*** Source information ***

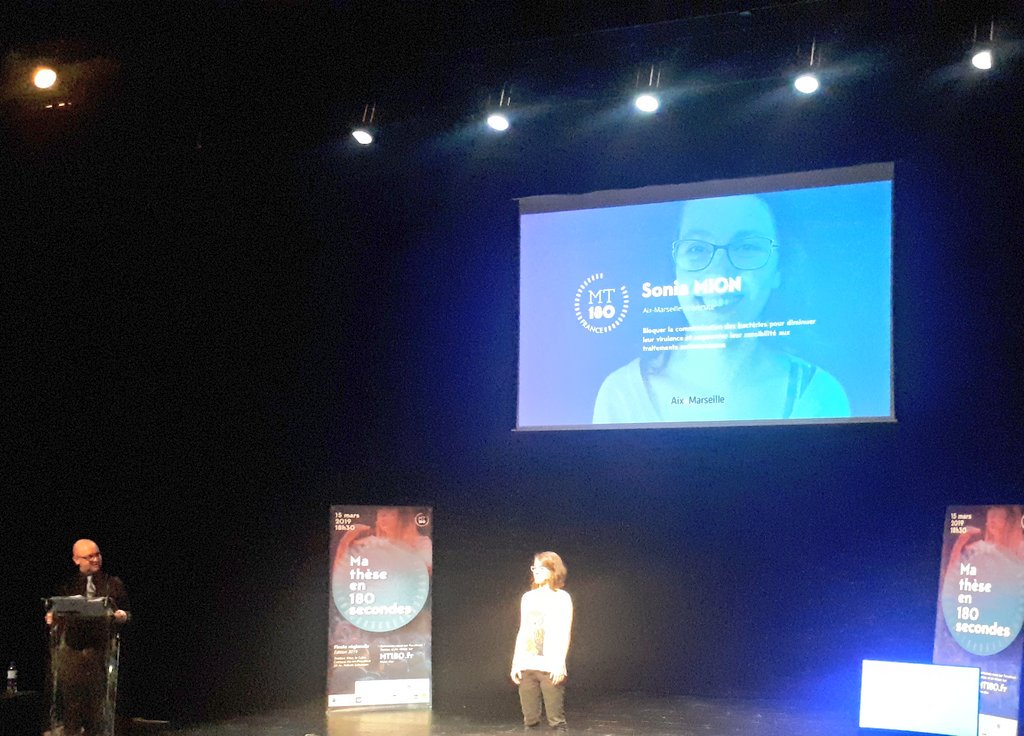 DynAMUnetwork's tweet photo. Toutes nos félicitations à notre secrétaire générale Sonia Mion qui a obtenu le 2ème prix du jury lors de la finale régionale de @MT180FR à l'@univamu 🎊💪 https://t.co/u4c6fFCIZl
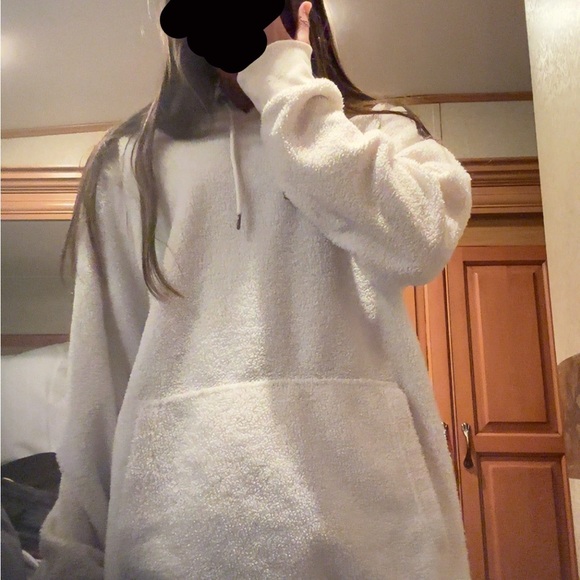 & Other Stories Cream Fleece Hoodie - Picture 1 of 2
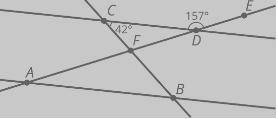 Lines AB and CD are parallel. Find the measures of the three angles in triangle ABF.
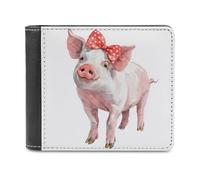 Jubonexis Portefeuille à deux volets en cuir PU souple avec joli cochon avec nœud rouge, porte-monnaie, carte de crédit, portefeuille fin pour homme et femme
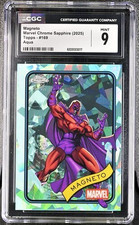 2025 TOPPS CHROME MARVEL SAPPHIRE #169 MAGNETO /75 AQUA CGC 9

***

_Task details:_
Each record, word for word, should be printed again without its pictures.

_Output of the task:_
 DynAMUnetwork's tweet photo. Toutes nos félicitations à notre secrétaire générale Sonia Mion qui a obtenu le 2ème prix du jury lors de la finale régionale de @MT180FR à l'@univamu 🎊💪 https://t.co/u4c6fFCIZl
 & Other Stories Cream Fleece Hoodie - Picture 1 of 2
 Lines AB and CD are parallel. Find the measures of the three angles in triangle ABF.
 Jubonexis Portefeuille à deux volets en cuir PU souple avec joli cochon avec nœud rouge, porte-monnaie, carte de crédit, portefeuille fin pour homme et femme
 2025 TOPPS CHROME MARVEL SAPPHIRE #169 MAGNETO /75 AQUA CGC 9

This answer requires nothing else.